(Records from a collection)
◇ ◇ ◇ ◇
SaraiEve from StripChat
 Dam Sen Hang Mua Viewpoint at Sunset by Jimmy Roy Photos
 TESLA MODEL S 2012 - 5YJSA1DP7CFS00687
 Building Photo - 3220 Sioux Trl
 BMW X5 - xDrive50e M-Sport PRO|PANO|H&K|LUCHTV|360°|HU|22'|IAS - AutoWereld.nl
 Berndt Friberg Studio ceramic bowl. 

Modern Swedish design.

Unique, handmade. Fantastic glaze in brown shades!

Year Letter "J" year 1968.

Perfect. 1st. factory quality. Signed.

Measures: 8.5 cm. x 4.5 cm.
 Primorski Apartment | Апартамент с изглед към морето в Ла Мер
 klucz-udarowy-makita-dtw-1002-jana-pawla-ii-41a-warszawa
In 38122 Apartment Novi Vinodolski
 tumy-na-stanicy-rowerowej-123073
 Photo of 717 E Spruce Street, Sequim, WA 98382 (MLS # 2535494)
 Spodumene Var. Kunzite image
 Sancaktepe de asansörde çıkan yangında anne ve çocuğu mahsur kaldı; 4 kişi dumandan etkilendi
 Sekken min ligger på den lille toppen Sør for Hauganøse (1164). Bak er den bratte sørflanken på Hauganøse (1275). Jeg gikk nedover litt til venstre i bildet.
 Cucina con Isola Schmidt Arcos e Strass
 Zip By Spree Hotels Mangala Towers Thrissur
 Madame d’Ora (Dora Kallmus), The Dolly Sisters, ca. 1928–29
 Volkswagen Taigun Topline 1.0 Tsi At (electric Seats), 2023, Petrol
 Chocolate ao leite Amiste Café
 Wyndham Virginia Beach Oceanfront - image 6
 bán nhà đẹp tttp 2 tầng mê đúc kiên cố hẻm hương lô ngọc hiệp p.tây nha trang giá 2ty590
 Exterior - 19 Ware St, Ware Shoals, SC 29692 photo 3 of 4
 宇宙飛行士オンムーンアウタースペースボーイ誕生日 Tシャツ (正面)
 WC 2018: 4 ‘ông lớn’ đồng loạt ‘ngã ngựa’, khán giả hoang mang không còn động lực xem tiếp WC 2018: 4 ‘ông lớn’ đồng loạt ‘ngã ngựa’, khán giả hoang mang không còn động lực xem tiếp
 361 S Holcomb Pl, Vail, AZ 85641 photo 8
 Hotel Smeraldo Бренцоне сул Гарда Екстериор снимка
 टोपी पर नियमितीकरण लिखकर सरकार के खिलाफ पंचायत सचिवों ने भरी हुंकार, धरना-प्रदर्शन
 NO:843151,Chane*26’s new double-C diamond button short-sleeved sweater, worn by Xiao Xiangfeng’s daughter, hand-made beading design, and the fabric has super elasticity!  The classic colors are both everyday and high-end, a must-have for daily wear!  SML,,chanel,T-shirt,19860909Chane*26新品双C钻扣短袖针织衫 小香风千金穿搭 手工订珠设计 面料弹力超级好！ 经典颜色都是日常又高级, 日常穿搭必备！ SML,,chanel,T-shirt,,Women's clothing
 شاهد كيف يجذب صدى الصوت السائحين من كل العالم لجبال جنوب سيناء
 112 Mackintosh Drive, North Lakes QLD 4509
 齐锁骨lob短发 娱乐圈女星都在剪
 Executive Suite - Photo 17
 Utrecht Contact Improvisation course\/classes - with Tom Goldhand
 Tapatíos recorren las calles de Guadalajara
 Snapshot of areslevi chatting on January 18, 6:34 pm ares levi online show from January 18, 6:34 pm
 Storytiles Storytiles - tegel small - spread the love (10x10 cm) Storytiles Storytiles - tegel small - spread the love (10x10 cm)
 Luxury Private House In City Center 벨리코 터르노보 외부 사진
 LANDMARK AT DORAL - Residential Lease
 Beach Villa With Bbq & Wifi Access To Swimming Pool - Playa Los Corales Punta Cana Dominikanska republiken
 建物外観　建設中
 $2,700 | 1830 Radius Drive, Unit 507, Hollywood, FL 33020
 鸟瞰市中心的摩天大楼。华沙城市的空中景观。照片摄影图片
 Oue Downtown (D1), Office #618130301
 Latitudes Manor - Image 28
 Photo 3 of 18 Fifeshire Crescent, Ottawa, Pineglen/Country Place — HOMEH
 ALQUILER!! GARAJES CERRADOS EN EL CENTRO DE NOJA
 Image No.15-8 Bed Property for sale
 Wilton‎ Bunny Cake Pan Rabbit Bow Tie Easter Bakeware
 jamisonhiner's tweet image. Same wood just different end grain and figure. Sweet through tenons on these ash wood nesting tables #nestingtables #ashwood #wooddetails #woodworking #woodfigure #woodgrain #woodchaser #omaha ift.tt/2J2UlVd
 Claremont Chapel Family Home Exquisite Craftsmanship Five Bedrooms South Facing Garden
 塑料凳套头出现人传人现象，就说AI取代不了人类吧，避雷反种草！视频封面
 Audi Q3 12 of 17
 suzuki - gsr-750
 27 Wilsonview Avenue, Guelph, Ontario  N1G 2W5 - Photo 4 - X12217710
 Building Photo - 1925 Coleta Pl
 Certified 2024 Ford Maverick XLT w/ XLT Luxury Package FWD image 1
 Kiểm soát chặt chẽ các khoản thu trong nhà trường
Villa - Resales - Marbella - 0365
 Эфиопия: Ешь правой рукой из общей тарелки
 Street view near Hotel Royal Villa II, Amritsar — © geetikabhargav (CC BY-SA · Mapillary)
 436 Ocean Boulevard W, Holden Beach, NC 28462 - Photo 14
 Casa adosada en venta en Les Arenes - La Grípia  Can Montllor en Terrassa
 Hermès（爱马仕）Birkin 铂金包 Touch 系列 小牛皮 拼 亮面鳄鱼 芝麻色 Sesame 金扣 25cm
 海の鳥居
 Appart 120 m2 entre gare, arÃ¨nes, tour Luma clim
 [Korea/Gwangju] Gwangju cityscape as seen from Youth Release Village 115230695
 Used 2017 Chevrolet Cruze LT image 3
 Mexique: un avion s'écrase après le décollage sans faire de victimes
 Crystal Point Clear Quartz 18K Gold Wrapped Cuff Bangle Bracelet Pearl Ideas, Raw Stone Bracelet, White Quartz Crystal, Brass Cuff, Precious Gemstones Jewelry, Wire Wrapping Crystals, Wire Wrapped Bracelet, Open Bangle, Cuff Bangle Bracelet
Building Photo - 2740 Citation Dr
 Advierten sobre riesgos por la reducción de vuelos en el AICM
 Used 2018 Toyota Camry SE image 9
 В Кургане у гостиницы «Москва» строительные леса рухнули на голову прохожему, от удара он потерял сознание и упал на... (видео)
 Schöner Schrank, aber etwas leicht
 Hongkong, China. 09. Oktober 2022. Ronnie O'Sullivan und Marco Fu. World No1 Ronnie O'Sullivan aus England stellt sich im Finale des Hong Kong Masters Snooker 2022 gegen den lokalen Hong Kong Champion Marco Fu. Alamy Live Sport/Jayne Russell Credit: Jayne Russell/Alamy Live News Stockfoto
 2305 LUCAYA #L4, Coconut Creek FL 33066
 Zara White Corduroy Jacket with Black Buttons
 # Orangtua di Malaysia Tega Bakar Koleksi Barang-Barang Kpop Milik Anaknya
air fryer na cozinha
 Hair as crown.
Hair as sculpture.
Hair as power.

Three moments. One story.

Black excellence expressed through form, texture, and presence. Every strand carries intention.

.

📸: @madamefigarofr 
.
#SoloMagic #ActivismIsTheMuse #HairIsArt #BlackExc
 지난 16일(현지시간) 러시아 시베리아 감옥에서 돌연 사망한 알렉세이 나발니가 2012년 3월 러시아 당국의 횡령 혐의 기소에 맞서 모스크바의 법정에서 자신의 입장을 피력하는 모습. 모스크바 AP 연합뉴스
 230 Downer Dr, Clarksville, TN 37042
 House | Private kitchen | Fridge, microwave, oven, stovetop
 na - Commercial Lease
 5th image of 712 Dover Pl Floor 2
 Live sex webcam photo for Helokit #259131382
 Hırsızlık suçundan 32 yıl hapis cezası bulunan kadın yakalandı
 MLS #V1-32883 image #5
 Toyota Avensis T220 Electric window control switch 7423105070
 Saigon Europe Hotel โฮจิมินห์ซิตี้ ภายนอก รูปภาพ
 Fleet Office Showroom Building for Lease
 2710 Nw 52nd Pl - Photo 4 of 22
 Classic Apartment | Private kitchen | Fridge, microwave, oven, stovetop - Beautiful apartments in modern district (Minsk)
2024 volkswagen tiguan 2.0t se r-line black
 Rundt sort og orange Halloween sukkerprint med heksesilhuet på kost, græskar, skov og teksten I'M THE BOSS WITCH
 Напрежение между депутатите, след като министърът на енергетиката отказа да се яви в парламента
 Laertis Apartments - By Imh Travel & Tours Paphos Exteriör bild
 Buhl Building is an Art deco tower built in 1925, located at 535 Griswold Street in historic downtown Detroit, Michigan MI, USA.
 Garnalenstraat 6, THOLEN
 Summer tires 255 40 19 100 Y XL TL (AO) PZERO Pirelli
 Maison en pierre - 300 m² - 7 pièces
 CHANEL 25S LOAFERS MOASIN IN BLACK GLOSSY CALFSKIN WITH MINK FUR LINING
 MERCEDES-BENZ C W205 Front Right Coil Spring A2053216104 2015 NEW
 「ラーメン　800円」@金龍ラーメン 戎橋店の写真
◇ ◇ ◇ ◇
* What is required
Repeat word for word the lines above that run from the line containing "Cucina con Isola Schmidt Arcos e Strass" through the line containing "Image No.15-8 Bed Property for sale", both ends included, and nothing else.

* Response to the exercise
 Cucina con Isola Schmidt Arcos e Strass
 Zip By Spree Hotels Mangala Towers Thrissur
 Madame d’Ora (Dora Kallmus), The Dolly Sisters, ca. 1928–29
 Volkswagen Taigun Topline 1.0 Tsi At (electric Seats), 2023, Petrol
 Chocolate ao leite Amiste Café
 Wyndham Virginia Beach Oceanfront - image 6
 bán nhà đẹp tttp 2 tầng mê đúc kiên cố hẻm hương lô ngọc hiệp p.tây nha trang giá 2ty590
 Exterior - 19 Ware St, Ware Shoals, SC 29692 photo 3 of 4
 宇宙飛行士オンムーンアウタースペースボーイ誕生日 Tシャツ (正面)
 WC 2018: 4 ‘ông lớn’ đồng loạt ‘ngã ngựa’, khán giả hoang mang không còn động lực xem tiếp WC 2018: 4 ‘ông lớn’ đồng loạt ‘ngã ngựa’, khán giả hoang mang không còn động lực xem tiếp
 361 S Holcomb Pl, Vail, AZ 85641 photo 8
 Hotel Smeraldo Бренцоне сул Гарда Екстериор снимка
 टोपी पर नियमितीकरण लिखकर सरकार के खिलाफ पंचायत सचिवों ने भरी हुंकार, धरना-प्रदर्शन
 NO:843151,Chane*26’s new double-C diamond button short-sleeved sweater, worn by Xiao Xiangfeng’s daughter, hand-made beading design, and the fabric has super elasticity!  The classic colors are both everyday and high-end, a must-have for daily wear!  SML,,chanel,T-shirt,19860909Chane*26新品双C钻扣短袖针织衫 小香风千金穿搭 手工订珠设计 面料弹力超级好！ 经典颜色都是日常又高级, 日常穿搭必备！ SML,,chanel,T-shirt,,Women's clothing
 شاهد كيف يجذب صدى الصوت السائحين من كل العالم لجبال جنوب سيناء
 112 Mackintosh Drive, North Lakes QLD 4509
 齐锁骨lob短发 娱乐圈女星都在剪
 Executive Suite - Photo 17
 Utrecht Contact Improvisation course\/classes - with Tom Goldhand
 Tapatíos recorren las calles de Guadalajara
 Snapshot of areslevi chatting on January 18, 6:34 pm ares levi online show from January 18, 6:34 pm
 Storytiles Storytiles - tegel small - spread the love (10x10 cm) Storytiles Storytiles - tegel small - spread the love (10x10 cm)
 Luxury Private House In City Center 벨리코 터르노보 외부 사진
 LANDMARK AT DORAL - Residential Lease
 Beach Villa With Bbq & Wifi Access To Swimming Pool - Playa Los Corales Punta Cana Dominikanska republiken
 建物外観　建設中
 $2,700 | 1830 Radius Drive, Unit 507, Hollywood, FL 33020
 鸟瞰市中心的摩天大楼。华沙城市的空中景观。照片摄影图片
 Oue Downtown (D1), Office #618130301
 Latitudes Manor - Image 28
 Photo 3 of 18 Fifeshire Crescent, Ottawa, Pineglen/Country Place — HOMEH
 ALQUILER!! GARAJES CERRADOS EN EL CENTRO DE NOJA
 Image No.15-8 Bed Property for sale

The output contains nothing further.